**Directions**
Exactly the lines from the line containing "Rotating Crystal Wine Glass (Set of 2)" through the final line of the entries below must be returned, and only those, without pictures.

** Opening Exercise data block **

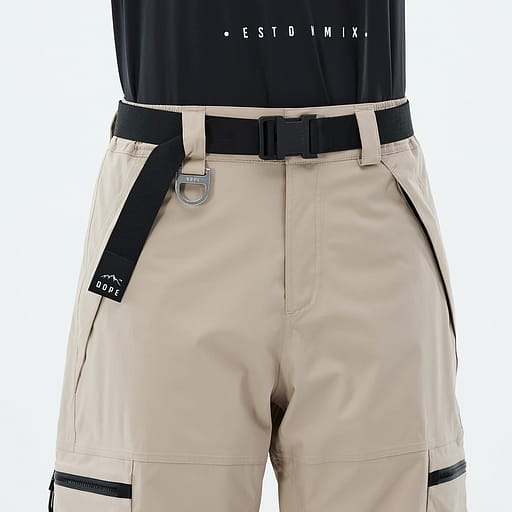 Vita elasticizzata con cintura elastica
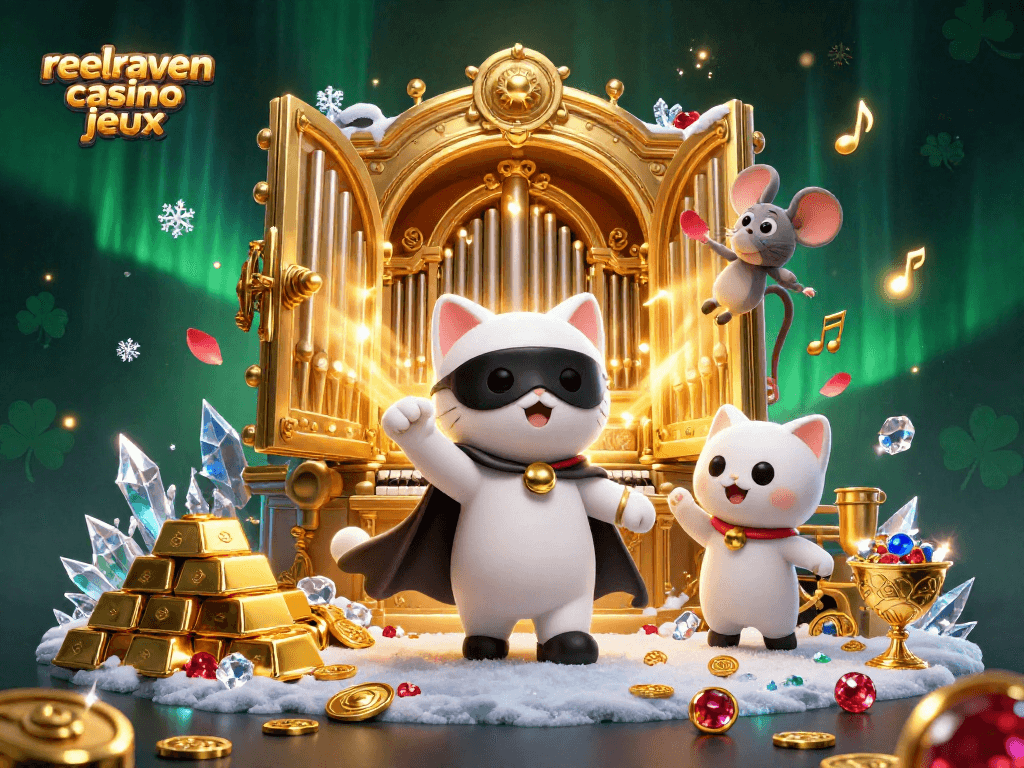 Plongez dans les jeux de ReelRaven casino et découvrez des symboles captivants et des opportunités de gains.
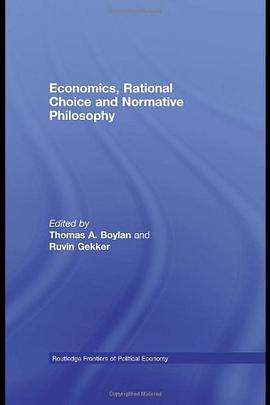 Economics, Rational Choice and Normative Philosophy pdf epub mobi 电子书 下载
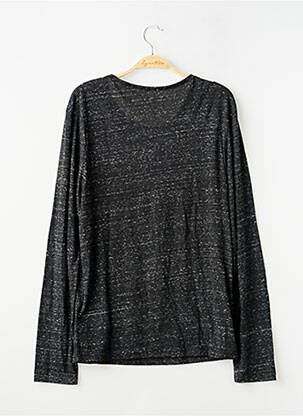Tricou mâneci lungi mâneci lungi gri ELEVEN PARIS femeie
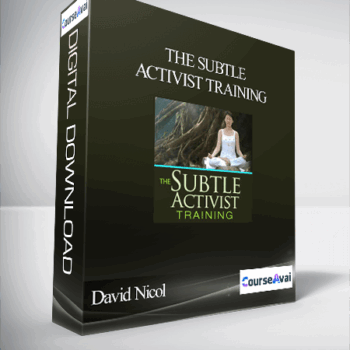 $80 for The Subtle Activist Training With David Nicol Course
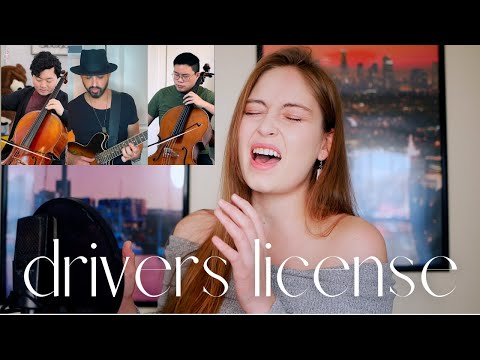 Olivia Rodrigo - drivers license (Cello & Guitar Cover ft. Geneva Lewis)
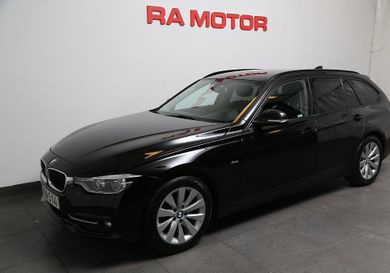 BMW 320, 2018
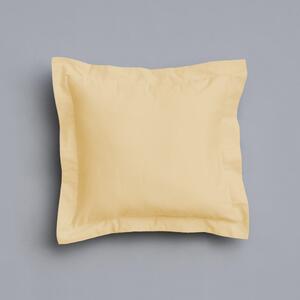 Lejaan Kids Vanilla Whisper Povlak na polštář 80×80 cm Oxford Style Žlutá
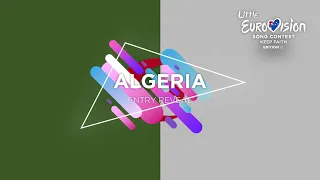 Algeria 🇩🇿 - Entry Reveal - Little Eurovision Song Contest 2021 (Edition 13)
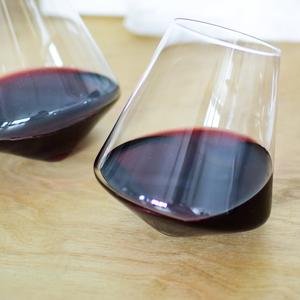 Rotating Crystal Wine Glass (Set of 2)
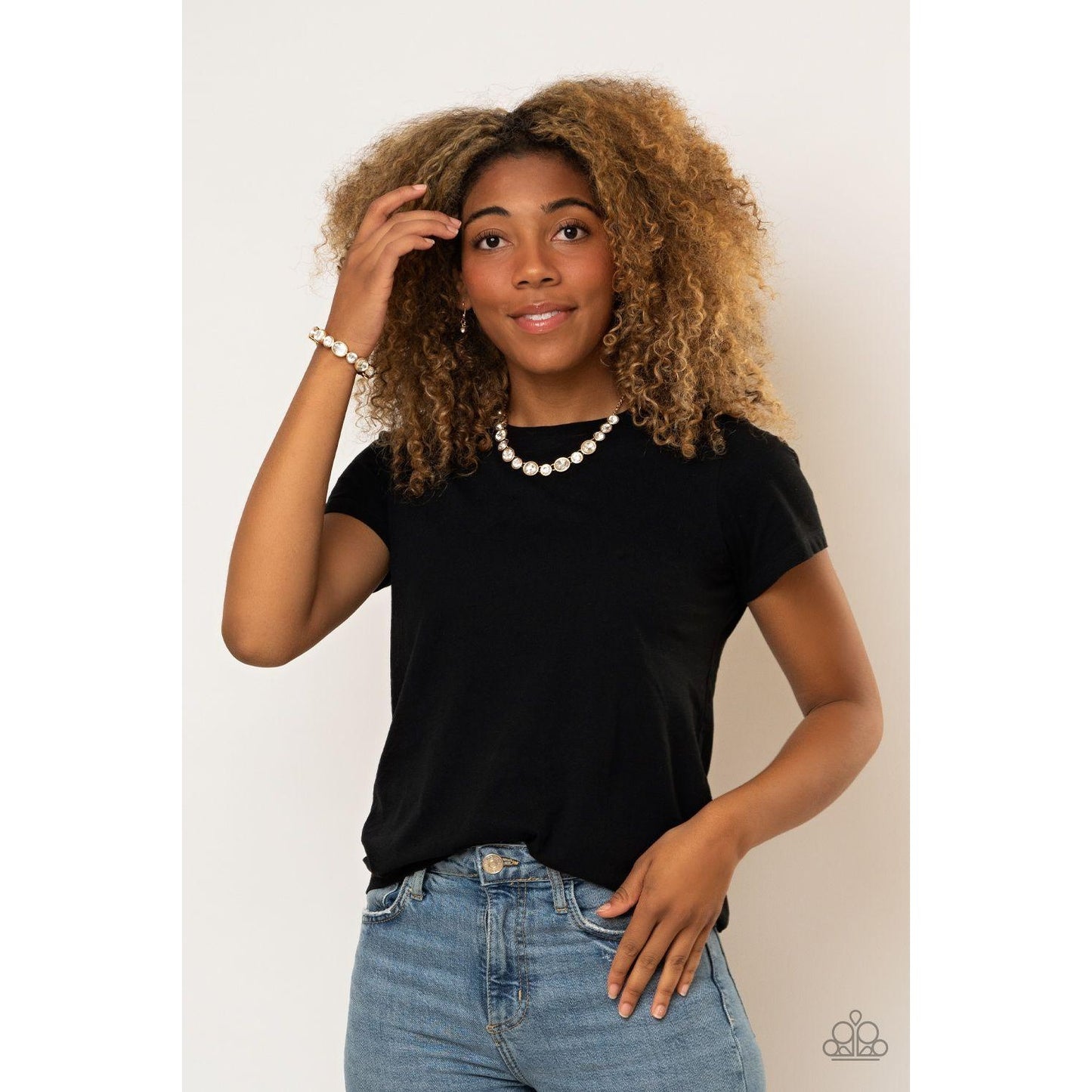 Girls Gotta Glow - Gold Necklace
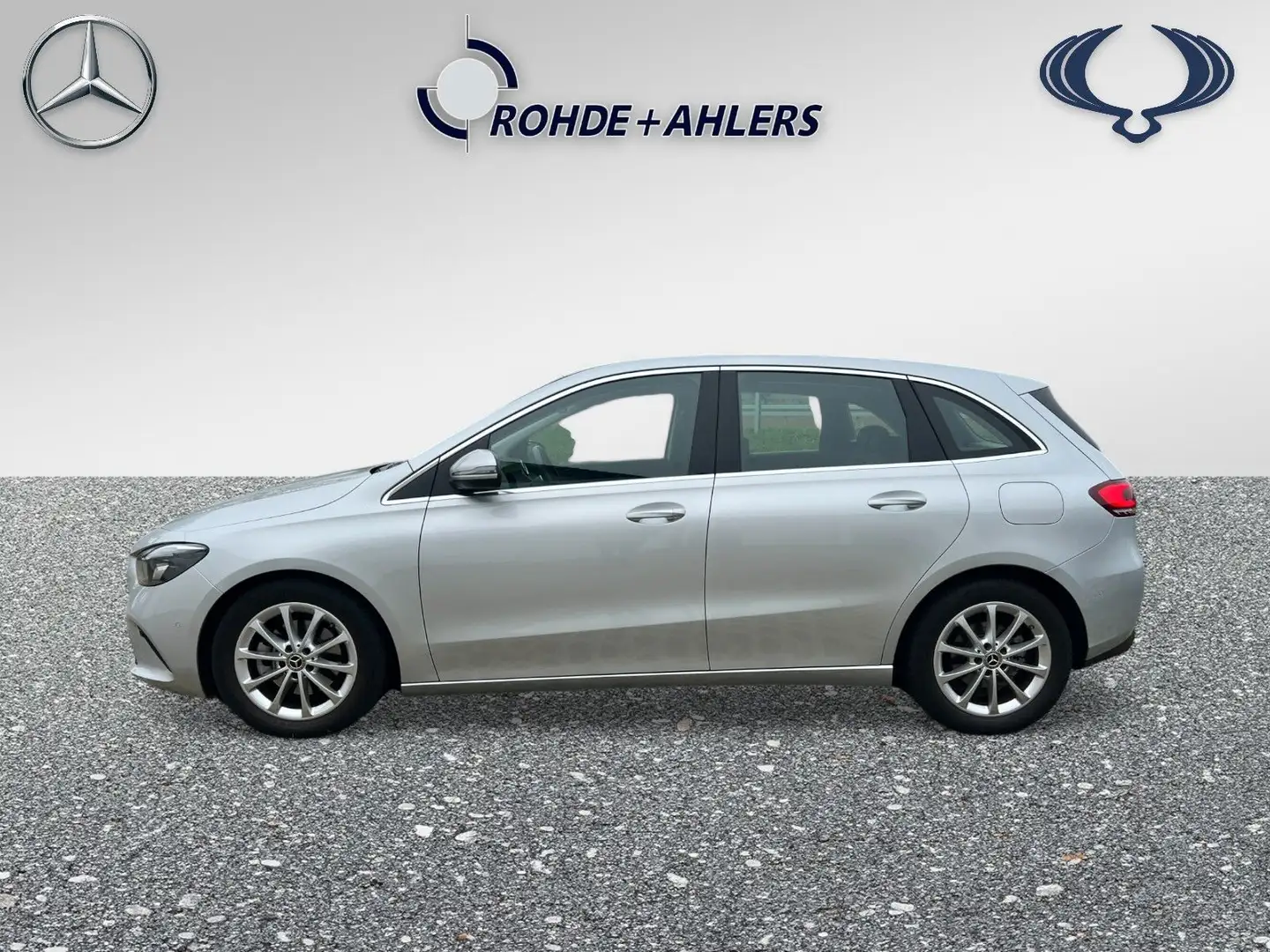 Mercedes-Benz B 200 +PROGRESSIVE+SH+PARKPAKET+BREMSASSISTENT+++ Stříbrná - 2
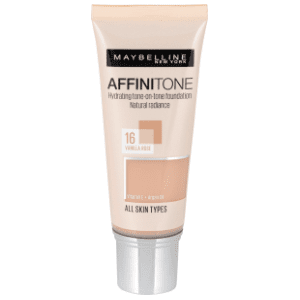 MAYBELLINE Affinitone tečni puder 16 vanilla rose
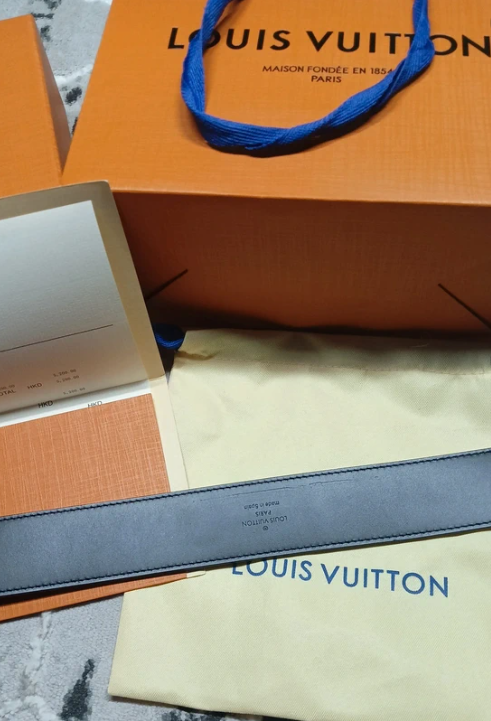 černý pásek Louis Vuitton - 5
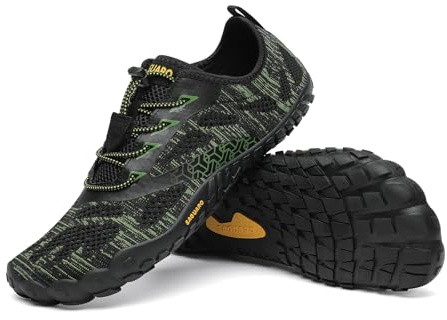 SAGUARO Herr dam barfotaskor utomhus träningsskor sport traillöparskor storlek 36-48, 42 EU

** Closing Exercise data block **

**Response for this exercise**
 Rotating Crystal Wine Glass (Set of 2)
 Girls Gotta Glow - Gold Necklace
 Mercedes-Benz B 200 +PROGRESSIVE+SH+PARKPAKET+BREMSASSISTENT+++ Stříbrná - 2
 MAYBELLINE Affinitone tečni puder 16 vanilla rose
 černý pásek Louis Vuitton - 5
 SAGUARO Herr dam barfotaskor utomhus träningsskor sport traillöparskor storlek 36-48, 42 EU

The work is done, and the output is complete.